Wednesday, July 22, 2009

What do we actually bury?

There's a burial on Friday. I'm not sure how I feel about this. I've been doing better with the whole thing. I haven't cried in over a month, and I don't immediately feel my heart drop whenever I think about her. I do think about her, a lot more now than I did when she was alive, a fact that gives me tingles of guilt. I have her pictures everywhere. She comes up in casual conversation. The tattoo on my wrist is dedicated to the type of person she was, and I look at it so many times a day.

Her parents make me nervous now. I don't know how to be around them. I don't want to pretend like nothing happened, like she never existed, go on as though life is as it always was when I know that it isn't. At the same time, I don't feel right mentioning her, bringing her up, talking about her, when I know that it causes them such heartbreak. I can't decide which I think is worse -- hurting them by ignoring her life, or hurting them by remembering her death.

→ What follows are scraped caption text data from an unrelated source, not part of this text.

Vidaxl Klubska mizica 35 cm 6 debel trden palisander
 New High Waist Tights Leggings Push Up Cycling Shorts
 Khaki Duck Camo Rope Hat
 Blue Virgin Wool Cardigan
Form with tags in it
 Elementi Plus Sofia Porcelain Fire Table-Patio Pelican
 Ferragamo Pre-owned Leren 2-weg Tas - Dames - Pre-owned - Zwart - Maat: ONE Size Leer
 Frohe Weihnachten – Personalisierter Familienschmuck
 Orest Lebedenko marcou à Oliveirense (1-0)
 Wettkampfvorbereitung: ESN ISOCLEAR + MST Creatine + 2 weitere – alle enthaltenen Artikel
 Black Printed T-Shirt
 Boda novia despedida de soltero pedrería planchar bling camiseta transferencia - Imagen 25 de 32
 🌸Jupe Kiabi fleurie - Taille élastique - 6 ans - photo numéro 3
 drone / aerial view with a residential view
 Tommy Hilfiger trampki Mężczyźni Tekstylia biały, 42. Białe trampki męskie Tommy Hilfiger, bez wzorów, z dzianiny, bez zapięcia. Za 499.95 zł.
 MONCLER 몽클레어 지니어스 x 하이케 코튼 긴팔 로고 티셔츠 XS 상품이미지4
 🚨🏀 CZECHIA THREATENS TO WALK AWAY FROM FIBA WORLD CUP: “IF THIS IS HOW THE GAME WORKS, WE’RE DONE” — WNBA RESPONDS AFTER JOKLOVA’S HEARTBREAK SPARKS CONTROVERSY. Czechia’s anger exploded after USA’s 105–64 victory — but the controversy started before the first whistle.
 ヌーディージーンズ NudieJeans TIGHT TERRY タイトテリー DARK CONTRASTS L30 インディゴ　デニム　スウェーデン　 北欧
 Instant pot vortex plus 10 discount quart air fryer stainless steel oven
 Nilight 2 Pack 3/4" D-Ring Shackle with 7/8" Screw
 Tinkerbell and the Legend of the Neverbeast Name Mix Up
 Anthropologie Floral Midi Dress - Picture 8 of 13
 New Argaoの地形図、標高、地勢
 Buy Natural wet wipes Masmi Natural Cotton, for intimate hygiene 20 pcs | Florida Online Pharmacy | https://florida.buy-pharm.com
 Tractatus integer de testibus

At first, I didn't want to go to the burial. I don't handle pain well. I can manage my own just fine, especially when I have some time alone to process it and let it trickle through me. But the pain of others is difficult to bear. It infests my spirit, nibbling away at my insides. I've never had an easy time being around the hurting, dying, disturbed of the world. I want to absorb it and ease them of their suffering. In some ways, I succeed at this and that's a problem. The task is not to intake others pain, but to help them dispose of their burden in other ways. Without knowing what to do, what to say, how to act, I don't know how to do this for my aunt and uncle. Which is why I was unsure about the burial.

But I realized that, afraid as I am of the pain of others, I want to go. I want to be there for me. I couldn't look at her body, didn't want to remember her that way, but it'll help to have one final goodbye. I'm hoping that it will help me move past this, gain some sense of closure. I'm not entirely sure it will make any difference. I'm not entirely sure that anything will make a difference.

This is, by far, the strangest and most horrendous experience I've ever gone through.

Shit. I had gone a month without crying. Count starts over.